The field was to soft to drive on so we had to make a couple 300 yard trips with blinds, gear and decoys. They really ought to have sherpas for goose hunting. By the time we got decoys out and the blinds camo'd it was 7:30 and we were sweating pretty good.

Nothing happened until about 8:10, with the exception of a mallard that got a little to close while checking out our goose silhouettes. Then, business picked up in hurry. We had birds everywhere. Singles, pairs, small groups and big bunches.

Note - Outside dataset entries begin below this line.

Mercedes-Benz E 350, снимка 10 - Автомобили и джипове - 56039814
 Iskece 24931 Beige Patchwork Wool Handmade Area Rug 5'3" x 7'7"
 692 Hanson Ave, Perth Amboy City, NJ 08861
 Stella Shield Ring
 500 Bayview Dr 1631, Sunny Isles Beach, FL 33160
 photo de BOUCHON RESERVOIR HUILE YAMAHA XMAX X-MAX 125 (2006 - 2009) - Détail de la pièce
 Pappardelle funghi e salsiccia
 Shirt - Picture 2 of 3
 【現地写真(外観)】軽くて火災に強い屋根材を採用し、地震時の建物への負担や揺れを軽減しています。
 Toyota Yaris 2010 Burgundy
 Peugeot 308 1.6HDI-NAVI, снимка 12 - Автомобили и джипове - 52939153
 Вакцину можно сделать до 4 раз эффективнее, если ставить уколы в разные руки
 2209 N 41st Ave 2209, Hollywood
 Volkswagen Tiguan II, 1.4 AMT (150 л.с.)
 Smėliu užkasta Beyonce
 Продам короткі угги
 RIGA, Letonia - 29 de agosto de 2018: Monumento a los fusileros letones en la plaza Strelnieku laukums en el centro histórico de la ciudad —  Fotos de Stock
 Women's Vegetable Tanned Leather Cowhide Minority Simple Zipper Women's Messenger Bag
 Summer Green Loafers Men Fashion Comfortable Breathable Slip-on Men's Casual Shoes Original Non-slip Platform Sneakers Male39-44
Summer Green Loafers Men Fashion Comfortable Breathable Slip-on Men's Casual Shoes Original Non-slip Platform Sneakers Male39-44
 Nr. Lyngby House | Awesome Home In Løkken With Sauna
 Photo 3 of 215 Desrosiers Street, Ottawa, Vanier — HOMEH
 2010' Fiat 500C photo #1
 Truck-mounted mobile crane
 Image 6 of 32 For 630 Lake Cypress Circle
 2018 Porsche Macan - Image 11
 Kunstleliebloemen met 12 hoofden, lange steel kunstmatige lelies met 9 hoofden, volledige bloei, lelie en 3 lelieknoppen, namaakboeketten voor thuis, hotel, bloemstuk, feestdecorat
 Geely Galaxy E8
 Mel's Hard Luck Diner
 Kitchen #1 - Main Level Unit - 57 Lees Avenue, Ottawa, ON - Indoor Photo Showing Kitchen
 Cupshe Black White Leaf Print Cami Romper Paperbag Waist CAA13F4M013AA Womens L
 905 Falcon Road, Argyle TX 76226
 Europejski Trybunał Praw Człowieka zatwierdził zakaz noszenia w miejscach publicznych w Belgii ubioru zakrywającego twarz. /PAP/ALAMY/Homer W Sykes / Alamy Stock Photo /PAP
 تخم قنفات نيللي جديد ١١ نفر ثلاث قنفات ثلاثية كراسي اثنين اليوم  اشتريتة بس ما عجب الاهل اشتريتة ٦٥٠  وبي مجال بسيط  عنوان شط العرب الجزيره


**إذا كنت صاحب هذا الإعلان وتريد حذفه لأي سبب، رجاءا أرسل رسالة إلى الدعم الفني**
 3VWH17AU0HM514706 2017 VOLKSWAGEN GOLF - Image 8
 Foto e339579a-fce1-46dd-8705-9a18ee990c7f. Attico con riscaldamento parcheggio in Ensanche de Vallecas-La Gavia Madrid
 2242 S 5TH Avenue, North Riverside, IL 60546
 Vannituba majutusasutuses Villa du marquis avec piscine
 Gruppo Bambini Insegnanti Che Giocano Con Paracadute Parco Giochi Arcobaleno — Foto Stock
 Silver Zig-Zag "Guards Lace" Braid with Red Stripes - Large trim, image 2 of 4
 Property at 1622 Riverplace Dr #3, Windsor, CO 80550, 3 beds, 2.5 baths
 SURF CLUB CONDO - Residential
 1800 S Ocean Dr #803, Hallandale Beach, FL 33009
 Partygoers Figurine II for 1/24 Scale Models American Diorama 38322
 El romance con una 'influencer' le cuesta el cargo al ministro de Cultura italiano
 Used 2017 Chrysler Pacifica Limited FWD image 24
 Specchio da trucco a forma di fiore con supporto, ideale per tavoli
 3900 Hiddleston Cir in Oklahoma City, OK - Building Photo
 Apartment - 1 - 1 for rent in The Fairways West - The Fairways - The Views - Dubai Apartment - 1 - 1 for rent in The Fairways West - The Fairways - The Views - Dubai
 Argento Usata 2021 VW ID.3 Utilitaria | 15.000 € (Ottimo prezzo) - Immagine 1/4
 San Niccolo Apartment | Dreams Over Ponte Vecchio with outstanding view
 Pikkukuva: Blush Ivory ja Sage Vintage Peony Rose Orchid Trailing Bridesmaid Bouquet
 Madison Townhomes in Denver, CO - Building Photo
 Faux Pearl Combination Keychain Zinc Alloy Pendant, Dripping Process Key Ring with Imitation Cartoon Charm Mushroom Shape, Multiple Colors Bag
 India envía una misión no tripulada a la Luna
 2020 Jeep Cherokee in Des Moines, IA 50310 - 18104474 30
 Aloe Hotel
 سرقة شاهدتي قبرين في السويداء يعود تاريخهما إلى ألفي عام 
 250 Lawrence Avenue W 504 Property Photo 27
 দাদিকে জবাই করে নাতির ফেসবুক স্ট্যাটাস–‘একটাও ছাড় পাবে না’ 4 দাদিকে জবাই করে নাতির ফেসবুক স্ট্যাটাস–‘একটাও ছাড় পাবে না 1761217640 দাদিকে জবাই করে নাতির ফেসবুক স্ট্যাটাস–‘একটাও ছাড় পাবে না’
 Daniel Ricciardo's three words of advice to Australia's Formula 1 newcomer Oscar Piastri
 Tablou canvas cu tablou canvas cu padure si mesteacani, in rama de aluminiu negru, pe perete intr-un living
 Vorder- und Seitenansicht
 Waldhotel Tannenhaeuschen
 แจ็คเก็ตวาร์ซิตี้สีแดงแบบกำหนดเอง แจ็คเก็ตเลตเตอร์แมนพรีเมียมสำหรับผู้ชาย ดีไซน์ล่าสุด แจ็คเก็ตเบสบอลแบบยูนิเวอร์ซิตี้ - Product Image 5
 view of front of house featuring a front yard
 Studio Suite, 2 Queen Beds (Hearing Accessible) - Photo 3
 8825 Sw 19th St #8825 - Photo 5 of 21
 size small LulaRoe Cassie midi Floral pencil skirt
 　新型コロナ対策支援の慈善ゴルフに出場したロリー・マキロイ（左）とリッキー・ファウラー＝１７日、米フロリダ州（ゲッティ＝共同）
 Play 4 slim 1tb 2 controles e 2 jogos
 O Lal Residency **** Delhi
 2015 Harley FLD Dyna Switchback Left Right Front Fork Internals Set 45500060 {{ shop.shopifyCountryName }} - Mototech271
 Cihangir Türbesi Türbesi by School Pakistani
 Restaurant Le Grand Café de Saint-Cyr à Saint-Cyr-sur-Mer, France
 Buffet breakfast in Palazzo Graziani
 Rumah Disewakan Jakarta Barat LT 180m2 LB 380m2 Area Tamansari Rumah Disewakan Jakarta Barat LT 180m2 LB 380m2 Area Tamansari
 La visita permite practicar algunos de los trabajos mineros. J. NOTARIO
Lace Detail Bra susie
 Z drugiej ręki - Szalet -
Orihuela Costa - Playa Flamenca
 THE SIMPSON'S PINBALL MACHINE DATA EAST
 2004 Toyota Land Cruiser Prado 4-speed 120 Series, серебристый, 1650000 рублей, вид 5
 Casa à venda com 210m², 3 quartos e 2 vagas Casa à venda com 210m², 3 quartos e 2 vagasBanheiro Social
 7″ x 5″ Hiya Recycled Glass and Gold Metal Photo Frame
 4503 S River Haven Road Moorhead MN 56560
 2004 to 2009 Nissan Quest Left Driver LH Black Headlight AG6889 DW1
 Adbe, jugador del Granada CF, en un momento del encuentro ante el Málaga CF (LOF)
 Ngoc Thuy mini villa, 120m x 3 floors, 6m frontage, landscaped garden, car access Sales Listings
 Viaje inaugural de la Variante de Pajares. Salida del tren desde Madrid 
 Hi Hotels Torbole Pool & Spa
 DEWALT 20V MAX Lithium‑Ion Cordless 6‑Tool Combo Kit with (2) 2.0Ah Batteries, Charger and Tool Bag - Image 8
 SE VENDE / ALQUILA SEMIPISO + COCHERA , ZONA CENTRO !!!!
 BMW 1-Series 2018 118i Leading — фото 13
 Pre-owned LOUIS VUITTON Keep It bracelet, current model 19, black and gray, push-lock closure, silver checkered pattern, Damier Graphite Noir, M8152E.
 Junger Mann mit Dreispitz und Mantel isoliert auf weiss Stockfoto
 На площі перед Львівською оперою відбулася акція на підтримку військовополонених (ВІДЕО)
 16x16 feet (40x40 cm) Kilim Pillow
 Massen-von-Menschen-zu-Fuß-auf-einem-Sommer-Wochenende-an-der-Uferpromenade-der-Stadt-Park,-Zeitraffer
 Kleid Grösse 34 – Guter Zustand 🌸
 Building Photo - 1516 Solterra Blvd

It was hard to keep track of birds working, with birds circling in every direction and altitude.

When the dust settled it was 8:45 and we had our 9 geese on the ground. It was a great morning, made even better by having my son with me and taking Jesse on his first successful goose hunt. He was bouncing around like a little kid, when he was picking up birds.

There is no equal to working birds with a call that you made out of a raw chunk of wood. It just adds another dimension to a great morning.

http://i146.Rule #2/albums/r279/brentwin/goosehunt1221132_zpsff86a5d9.jpg

Me and Cody

http://i146.Rule #2/albums/r279/brentwin/goosehunt1221131_zps02eaad94.jpg

Jesse and Cody

Reactions: Like 10


----------



## myingling (Dec 21, 2013)

Looks like you guys had some good shootin


----------



## Tclem (Dec 21, 2013)

Nice job


----------



## DKMD (Dec 21, 2013)

Nice work! 

PS... I moved this to Kenbo's Chatroom since it's not really about 'making' calls


----------



## Wildthings (Dec 21, 2013)

Great pictures and congrats on a great hunt


----------



## bluedot (Dec 21, 2013)

Good day!


----------



## Mike1950 (Dec 21, 2013)

Nice Hunt!!!


----------



## BrentWin (Dec 21, 2013)

DKMD said:


> Nice work!
> 
> PS... I moved this to Kenbo's Chatroom since it's not really about 'making' calls


 
That's cool Thanks


----------



## rdnkmedic (Dec 22, 2013)

What a day. Nothing better than sharing that stuff with your kid.


----------